There was a problem hiding this comment.
Good question. I actually considered both approaches during development. The reason I went with dynamic initialization in the Dockerfile was simplicity for submission. For the context of this project's needs, having a go.mod file felt like extra overhead. The approach I used leaves Docker handle everything in one place. It downloads the exact versions I tested with, so there's no risk of version drift between local development and the container.
That said, you're right that in a production setup I should definitely commit go.mod and go.sum to the repository. I would have better version control and audit trail, and no re-downloading on every Docker build (among other advantages). For this exercise though, I prioritized getting it running quickly. For real deployment, having those files in git is the better practice.
| @@ -0,0 +1,1326 @@ | |||
| // Package main contains the GWI Favorites Service implementation in Go | |||
There was a problem hiding this comment.
Interesting choice to have the entire implementation in 1 file.

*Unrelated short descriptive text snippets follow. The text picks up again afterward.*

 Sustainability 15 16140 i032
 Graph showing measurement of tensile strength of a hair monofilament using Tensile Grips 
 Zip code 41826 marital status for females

Can you describe how you'd separate the file into different packages (no need to rework it now).
There was a problem hiding this comment.
Yeah, I get that question. The single file works fine for a challenge submission, but yeah, in production I would split it.
Here's how I'd organize it:
models/ - Data structures. User, Asset, Favorite, pagination types. Nothing but structs and constants.
storage/ - Database layer. All queries, connection logic, the Storage interface. This stays independent of business logic.
service/ - Business rules. The Service struct with CreateUser, AddFavorite, that kind of thing. It calls storage but doesn't know about HTTP.
handlers/ - HTTP endpoints only. RequestHandler with CreateUser, ListUsers, etc. Takes HTTP requests, calls the service, returns JSON.
main.go - Just wires everything together. Creates the database connection, instantiates the service and handlers, starts the server.
The key would be for each package to have one job. Handlers would not touch the database. Storage would not know about HTTP. Service would not care how data gets in or out. This would also make testing easier, too.
| // CreateAsset creates a new asset and returns its ID. | ||
| // Data is stored as JSONB for flexibility and queryability. | ||
| func (s *Storage) CreateAsset(assetType string, data json.RawMessage) (string, error) { | ||
| assetID := uuid.New().String() |
There was a problem hiding this comment.
Can you think of any issues with this?
There was a problem hiding this comment.
A potential issue that I am know thinking of is that, if the UUID is generated but the database insert fails, you've created a UUID that doesn't exist in the system. It's not a huge problem in this case since nothing references it yet, but it's not clean.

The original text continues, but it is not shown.